Stored data:
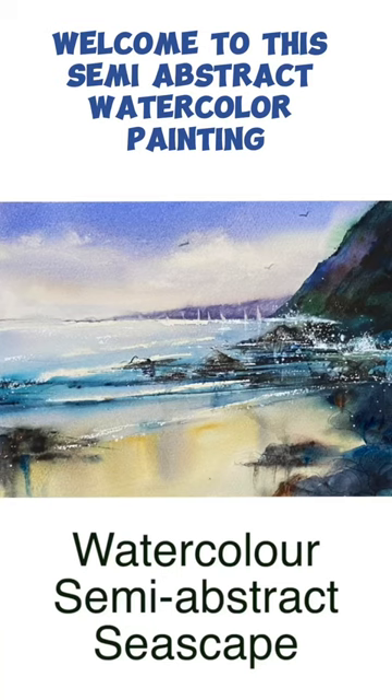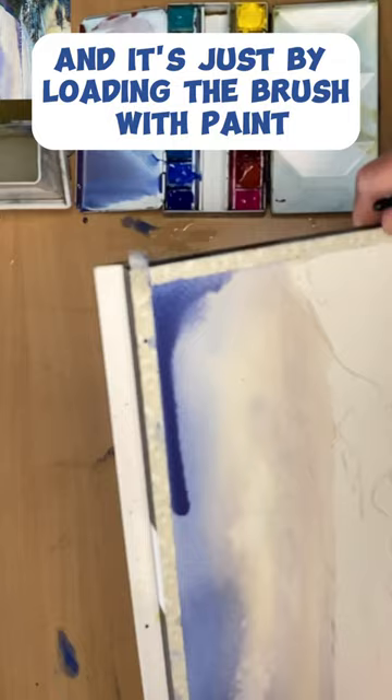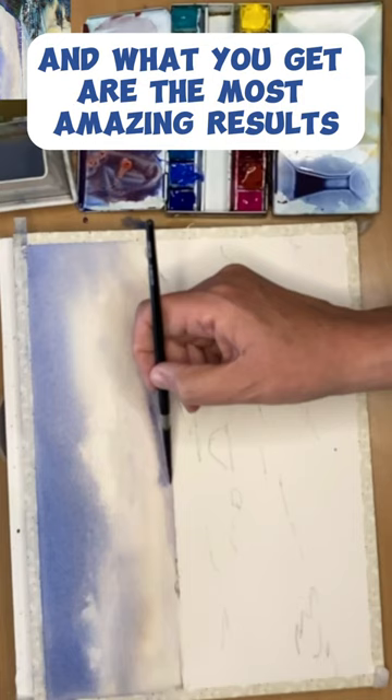Welcome to this semi-abstract watercolor painting. I show you a different way of applying watercolor paint — just by loading the brush with paint, then squeezing the brush hairs and allowing the paint to fall onto the paper without touching the paper with the brush. And what you get are the most amazing results.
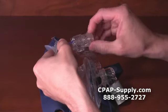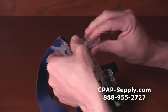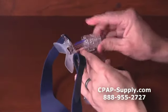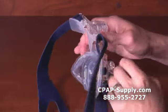If you keep rotating beyond the 24th position, the dial will loosen. This is how the horizontal forehead support is removed. The forehead support pad is removable and replaceable.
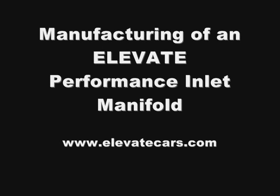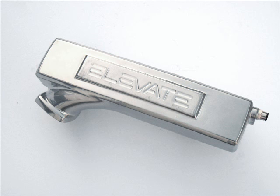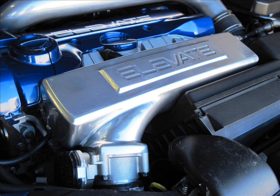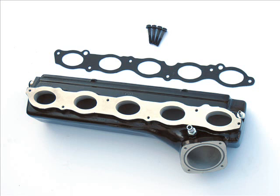Hi, I'm Don Nicholson from Elevate, and if you are anything like me, I've always been fascinated at the processes that bring a product to market. We wanted to give you a behind-the-scenes look at the manufacturing of our Performance Inlet Manifold. We partnered with some of the best companies in the industry to produce a top quality product. Since all of these companies are local to us here in California, we took the opportunity to film many of the significant steps that go into manufacturing this part. I hope you find this video interesting and gain an appreciation as to the effort it takes to offer this item to Volvo and Ford enthusiasts around the world.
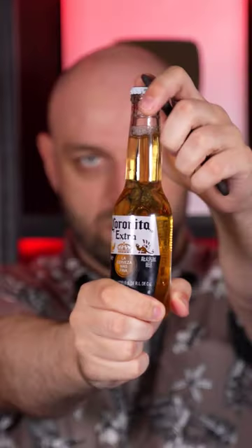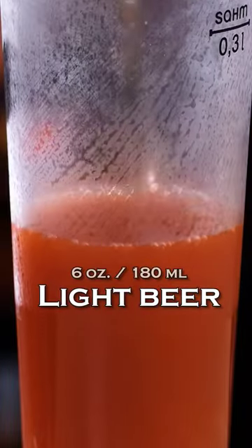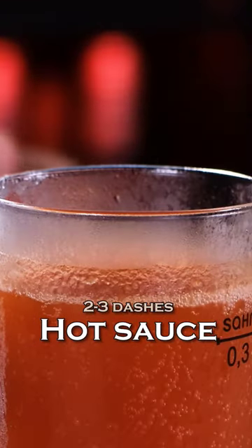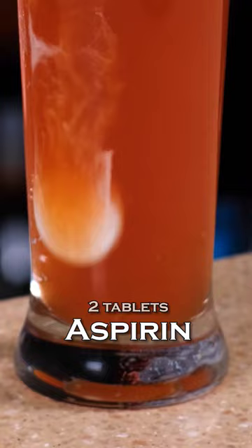4 oz of tomato juice, a cute little bottle of Corona beer at 6 oz, Tabasco or other hot sauce, a couple dashes, two aspirin tablets, a pinch of salt, a little bit of freshly grated pepper, and a whole egg.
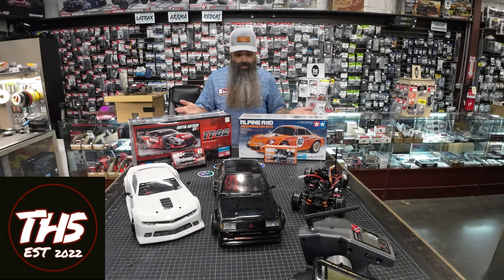What up guys, I'm Phil coming to you from the Hobby Shop HQ. I hope this video finds you blessed and actively chasing your dreams. Today, I'd love to talk to you just a little bit about drifting.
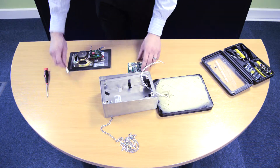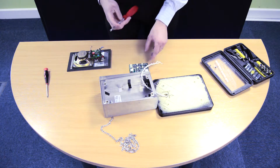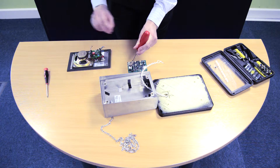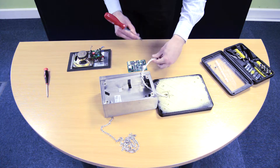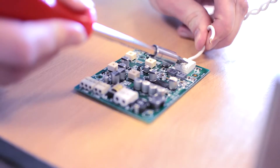The module features clamp connectors for easy integration. You operate these by pressing down and inserting the wires into the side. You can see we're doing this first with the loop output here, which is attached to our loop enclosure.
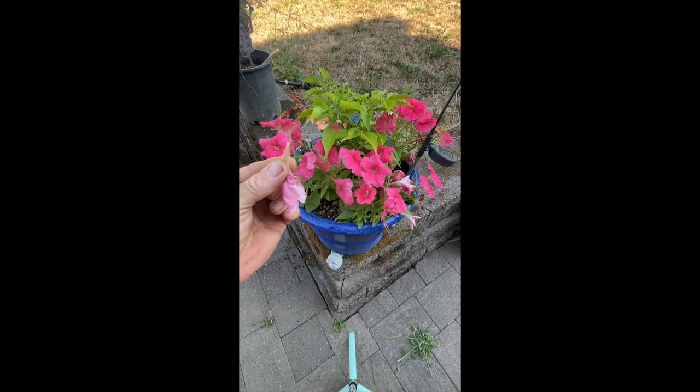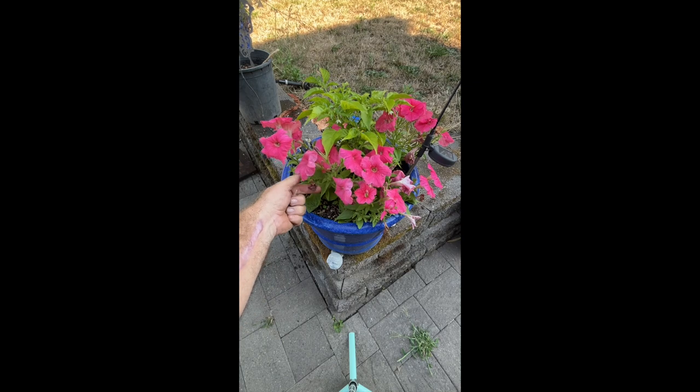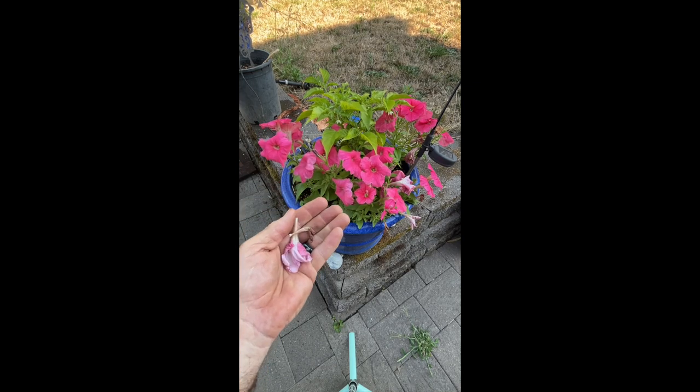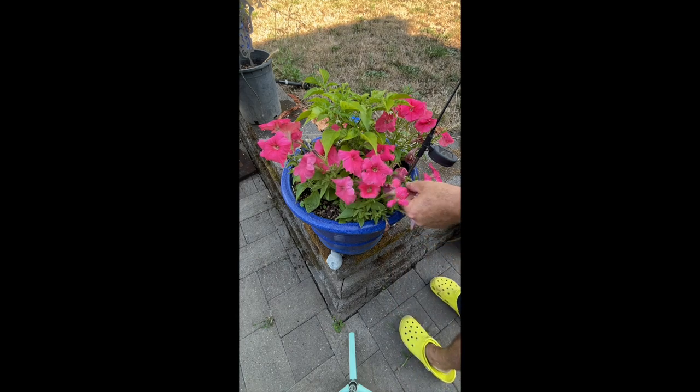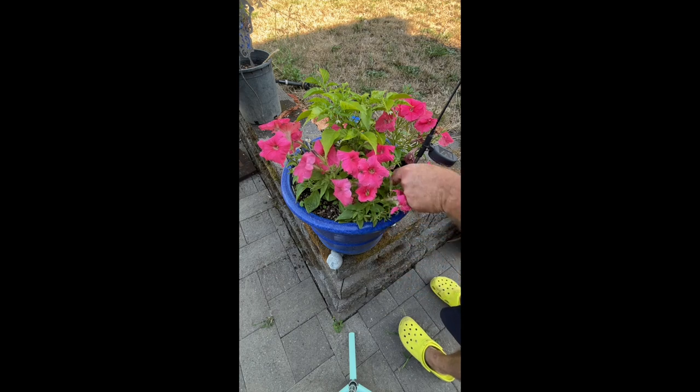I pulled that one off — it's dead. There's a real dead one here, it's gone too. It's just that simple. I will literally come out here every couple of days and pull these off.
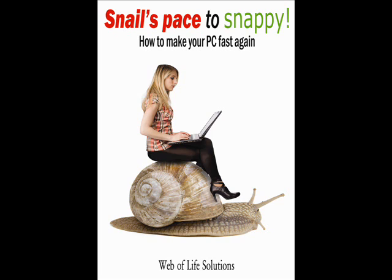Available for Kindle and as a full-color paperback from Amazon.com. With 'Snail's Pace to Snappy,' learn the techniques computer experts charge big bucks for, at a fraction of the cost. Get it from Amazon.com and enjoy a faster computer today.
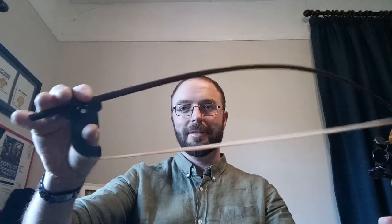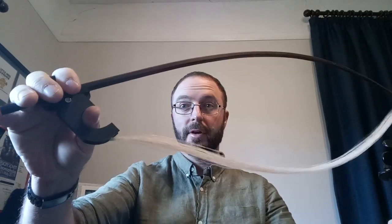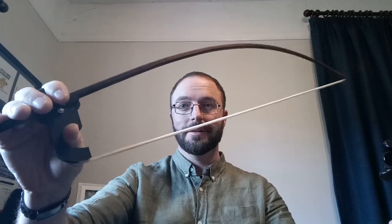Hi everyone, this is Charlie showing you my new bow made by luthier Philip Smith here in Hobart. It has a construction on the frog where you can make the bow go slack or tight, whatever you want. The result is that on the violin you can play chords.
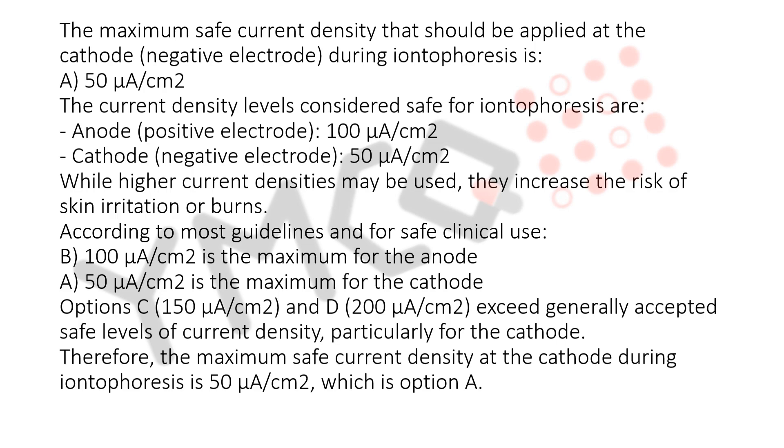Therefore, the maximum safe current density at the cathode during iontophoresis is 50 microamperes per square centimeter, which is option A.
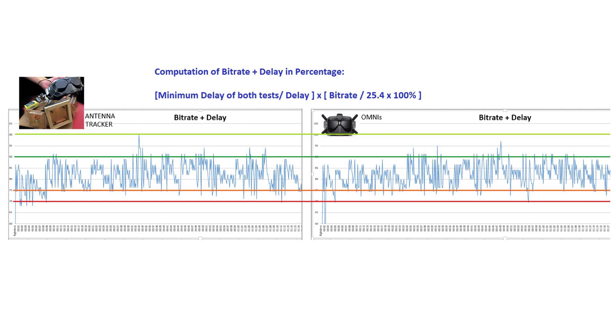Overall, I'm quite happy with the performance of this antenna tracker. Although I didn't go very far in my testing, this graph is fairly conclusive in showing that the antenna tracker does work for the DJI FPV system. That's all I have for this video — thank you for watching and see you next time.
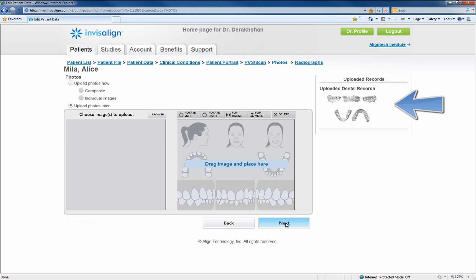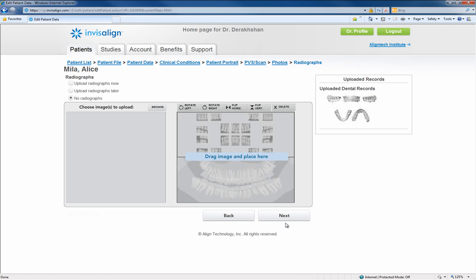This page is to upload patient pictures, which you can do now or choose to do later. The next record, radiographs, is also optional. Click Next to finish.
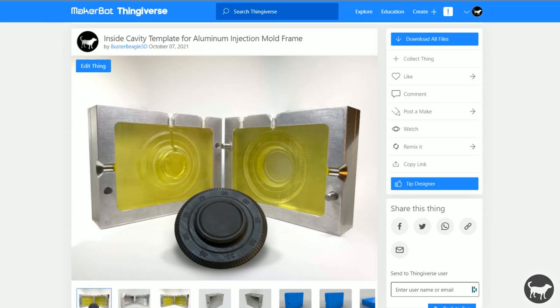Hello, my name is Ryan from Buster Beagle 3D. A question I get quite often is how I construct the 3D printed molds for the Buster Beagle 3D injection molding machine. I thought I would put together a little video showing you how it can be done with free software and a fairly inexpensive SLA 3D printer. So let's get started.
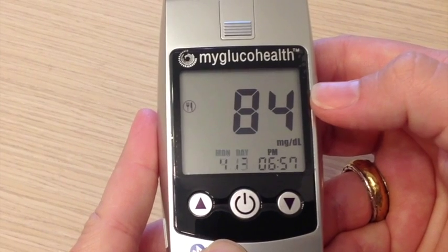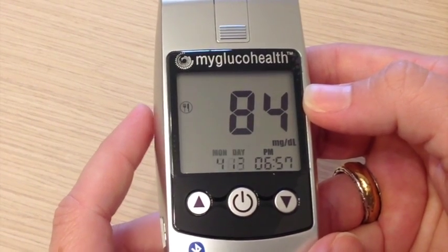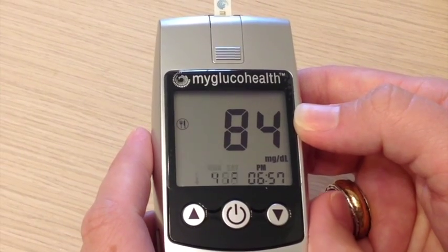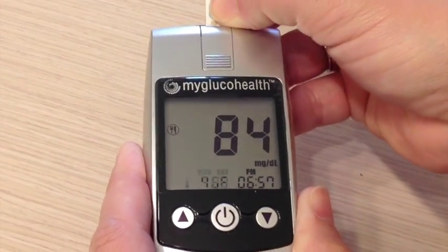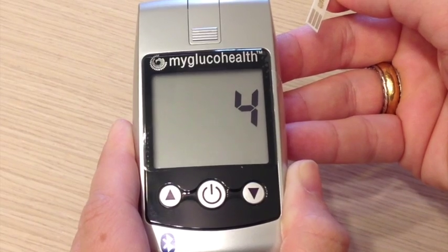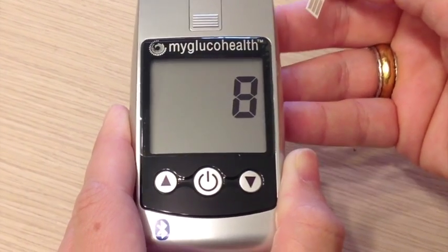It shows that my blood sugar is 84. With these meters, they connect via Bluetooth. Depending on what study you're in depends on which Bluetooth device you will be using, but they all work the same. When you take the strip out, the meter will automatically start searching for your Bluetooth signal, and that's how it transmits your blood sugar so that we can see it here and determine what your reading is.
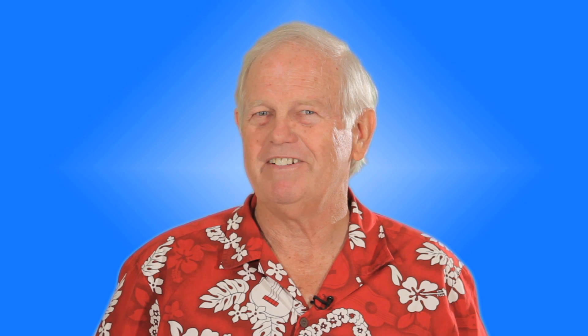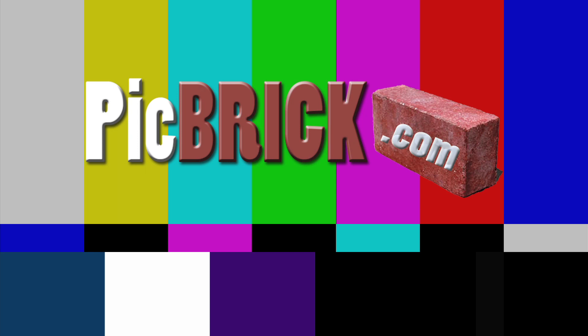Pick bricks for you. And get a pick brick for her. Pick brick. Pick brick. Pickbrick.com.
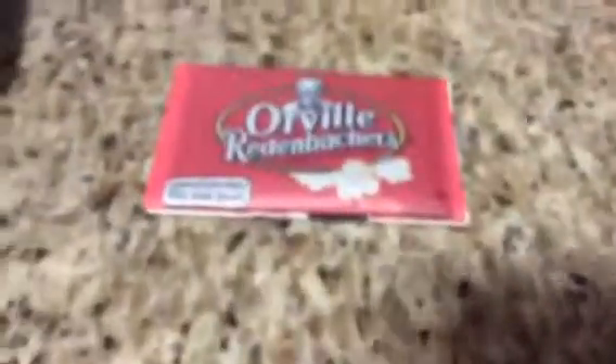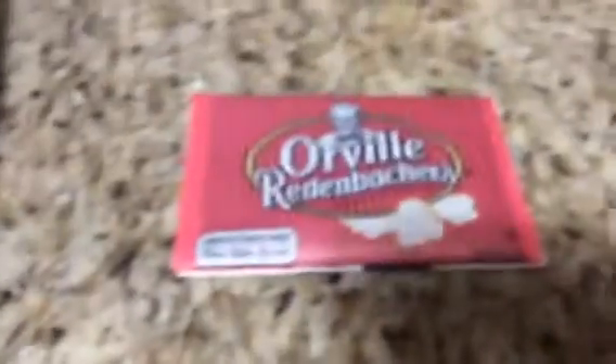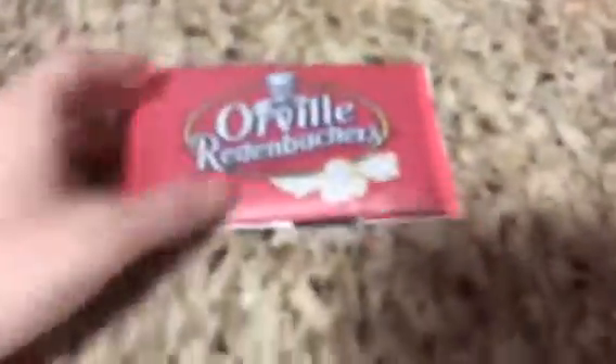Hello guys, I'm gonna be doing a Wednesday video for now. I know it's Tuesday, not Wednesday — tomorrow's Wednesday — but I just haven't done one in a while. So for this Wednesday, guys, I'm gonna show you how to make popcorn.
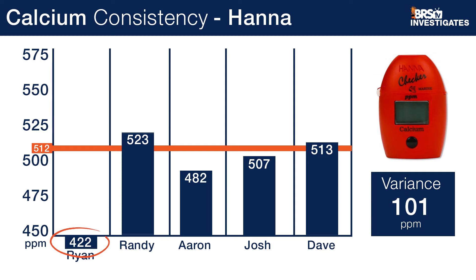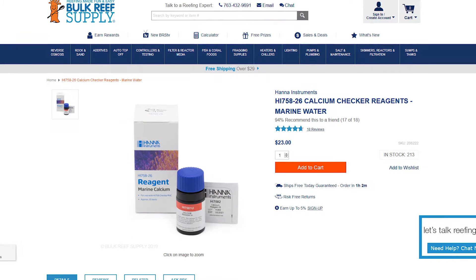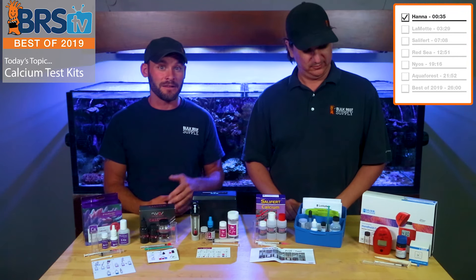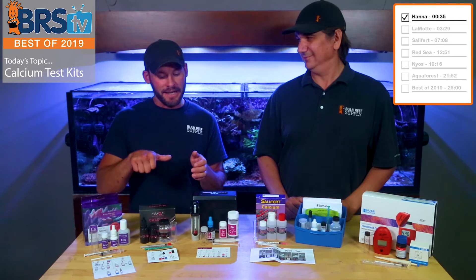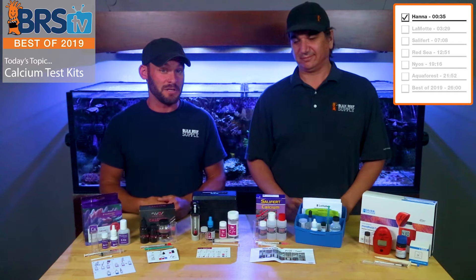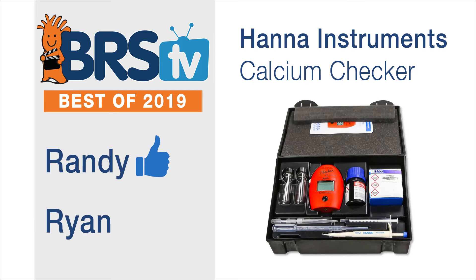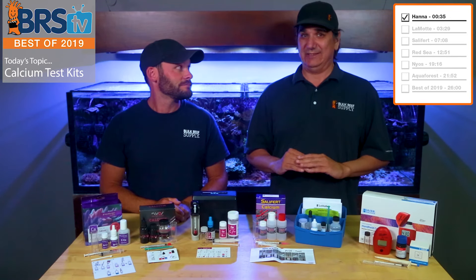For consistency, the low was 422 and the high was 523 out of all of us who tested it. Cost-wise, it's $49.95 for the first kit, and then they have reagents on top of that, making it about 92 cents a test. I want to give it a half thumb because it's just so difficult, and I like my calcium range to be more accurate than plus or minus 40 or 50. I'll give it one thumb. I love the Hanna Checker alkalinity checker, but this one is too much work and doesn't get me into a tight enough pocket to actually control. So I have to give it none.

- [What to do] If a record contains a picture, leave the picture out; repeat the record itself exactly.

- [Reply to the exercise]
Welcome to this semi-abstract watercolor painting. I show you a different way of applying watercolor paint — just by loading the brush with paint, then squeezing the brush hairs and allowing the paint to fall onto the paper without touching the paper with the brush. And what you get are the most amazing results.
If you keep rotating beyond the 24th position, the dial will loosen. This is how the horizontal forehead support is removed. The forehead support pad is removable and replaceable.
Hi, I'm Don Nicholson from Elevate, and if you are anything like me, I've always been fascinated at the processes that bring a product to market. We wanted to give you a behind-the-scenes look at the manufacturing of our Performance Inlet Manifold. We partnered with some of the best companies in the industry to produce a top quality product. Since all of these companies are local to us here in California, we took the opportunity to film many of the significant steps that go into manufacturing this part. I hope you find this video interesting and gain an appreciation as to the effort it takes to offer this item to Volvo and Ford enthusiasts around the world.
4 oz of tomato juice, a cute little bottle of Corona beer at 6 oz, Tabasco or other hot sauce, a couple dashes, two aspirin tablets, a pinch of salt, a little bit of freshly grated pepper, and a whole egg.
What up guys, I'm Phil coming to you from the Hobby Shop HQ. I hope this video finds you blessed and actively chasing your dreams. Today, I'd love to talk to you just a little bit about drifting.
The module features clamp connectors for easy integration. You operate these by pressing down and inserting the wires into the side. You can see we're doing this first with the loop output here, which is attached to our loop enclosure.
I pulled that one off — it's dead. There's a real dead one here, it's gone too. It's just that simple. I will literally come out here every couple of days and pull these off.
Available for Kindle and as a full-color paperback from Amazon.com. With 'Snail's Pace to Snappy,' learn the techniques computer experts charge big bucks for, at a fraction of the cost. Get it from Amazon.com and enjoy a faster computer today.
Hi everyone, this is Charlie showing you my new bow made by luthier Philip Smith here in Hobart. It has a construction on the frog where you can make the bow go slack or tight, whatever you want. The result is that on the violin you can play chords.
Therefore, the maximum safe current density at the cathode during iontophoresis is 50 microamperes per square centimeter, which is option A.
Overall, I'm quite happy with the performance of this antenna tracker. Although I didn't go very far in my testing, this graph is fairly conclusive in showing that the antenna tracker does work for the DJI FPV system. That's all I have for this video — thank you for watching and see you next time.
This page is to upload patient pictures, which you can do now or choose to do later. The next record, radiographs, is also optional. Click Next to finish.
Hello, my name is Ryan from Buster Beagle 3D. A question I get quite often is how I construct the 3D printed molds for the Buster Beagle 3D injection molding machine. I thought I would put together a little video showing you how it can be done with free software and a fairly inexpensive SLA 3D printer. So let's get started.
It shows that my blood sugar is 84. With these meters, they connect via Bluetooth. Depending on what study you're in depends on which Bluetooth device you will be using, but they all work the same. When you take the strip out, the meter will automatically start searching for your Bluetooth signal, and that's how it transmits your blood sugar so that we can see it here and determine what your reading is.
Pick bricks for you. And get a pick brick for her. Pick brick. Pick brick. Pickbrick.com.
Hello guys, I'm gonna be doing a Wednesday video for now. I know it's Tuesday, not Wednesday — tomorrow's Wednesday — but I just haven't done one in a while. So for this Wednesday, guys, I'm gonna show you how to make popcorn.
For consistency, the low was 422 and the high was 523 out of all of us who tested it. Cost-wise, it's $49.95 for the first kit, and then they have reagents on top of that, making it about 92 cents a test. I want to give it a half thumb because it's just so difficult, and I like my calcium range to be more accurate than plus or minus 40 or 50. I'll give it one thumb. I love the Hanna Checker alkalinity checker, but this one is too much work and doesn't get me into a tight enough pocket to actually control. So I have to give it none.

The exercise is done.